> _Records supplied_
▼
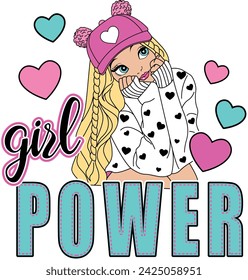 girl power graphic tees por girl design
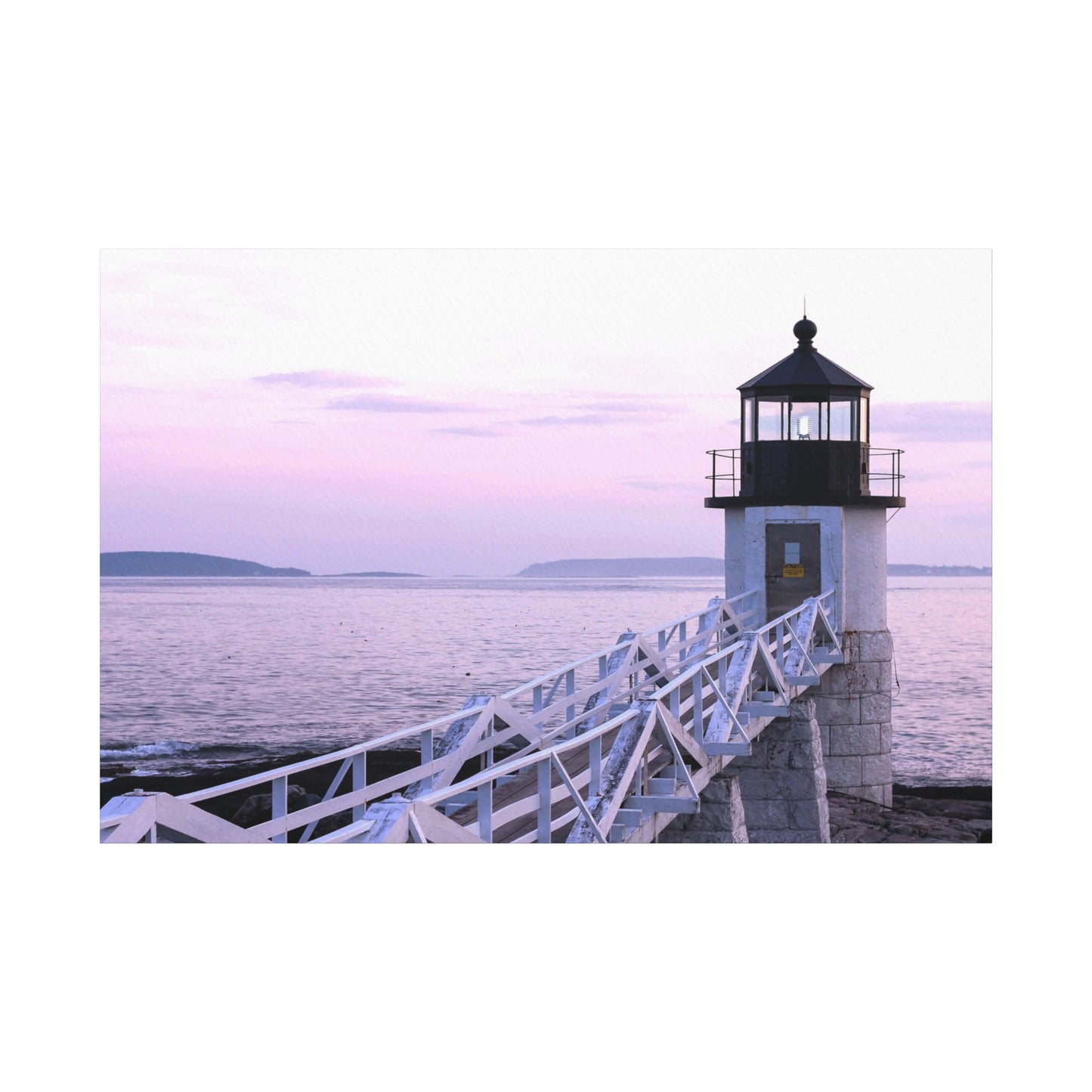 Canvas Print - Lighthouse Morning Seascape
▲
▼
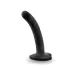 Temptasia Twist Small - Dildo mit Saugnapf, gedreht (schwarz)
▲
> _Task description_
In the entries above, which lines run from the one with "girl power graphic tees por girl design" up to and including the one with "Canvas Print - Lighthouse Morning Seascape"? Write them out exactly, without the pictures.

> _Completed task_
 girl power graphic tees por girl design
 Canvas Print - Lighthouse Morning Seascape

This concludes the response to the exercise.